Last Sunday, my engineering mentor, Doc Benny, arrived here in Tokyo for a 3-day conference and so we met up Tuesday night, together with my former thesis adviser, Prof Fer.  We went to the Imperial Palace and the Asakusa area.  I didn't realize that the walk to the Imperial Palace was that long.  Actually, we did a lot of walking, even just for getting to/from the train stations and transferring between stations.  Anyway, the Palace grounds was just so huge a place.  Sunset actually caught us there.

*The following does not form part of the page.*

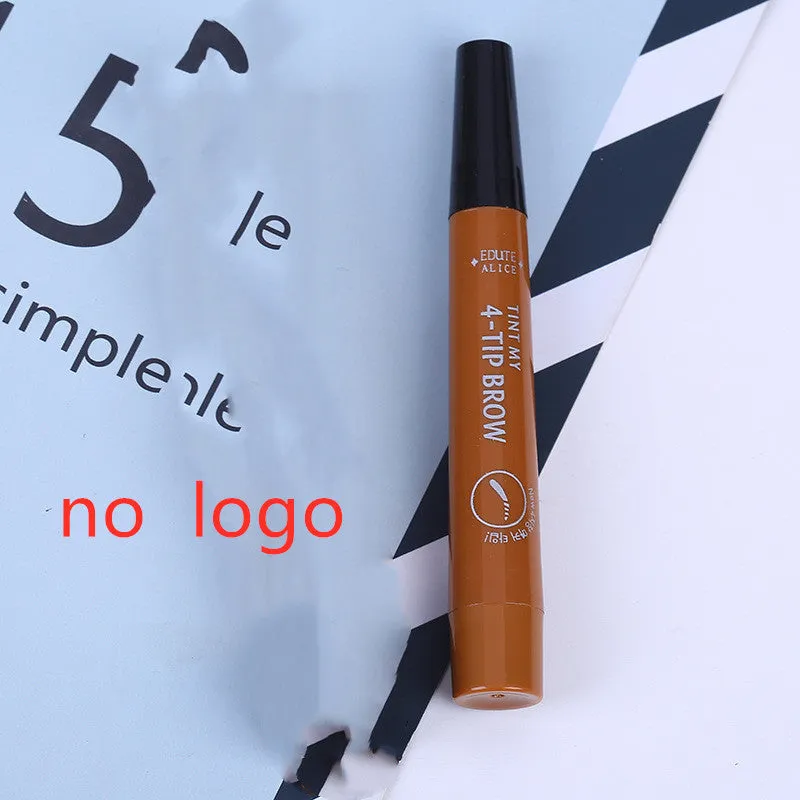 Liquid water eyebrow pencil in grey brown and black shades for natural brow makeup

When we got to Asakusa, most shops were closed.  The good thing was, there were very few people.  I didn't think the Sensoji Temple would look so much better in the evening.  And then, we had dinner at this ramen and gyoza resto wherein they serve...  just one kind of ramen, and gyoza!  Their specialty, apparently.  Not the greatest, but pretty good.  Not so salty ramen.  They had beer and Japanese sake (or rice wine; beer is also sake, actually because sake literally translates to alcoholic beverage.) as well; we had a cup each of sake.  Pretty strong.  And overall, a pretty good dinner: the ambience, the company, the food.  It was a fun evening and it was nice to meet up with fellow Filipinos and chat in Tagalog.  Doc Benny, who probably spent 6 or more years here in Japan for his PhD and associate professorship back in the 80s, still had very good Nihongo.  But he wisely chose when to use it and when not.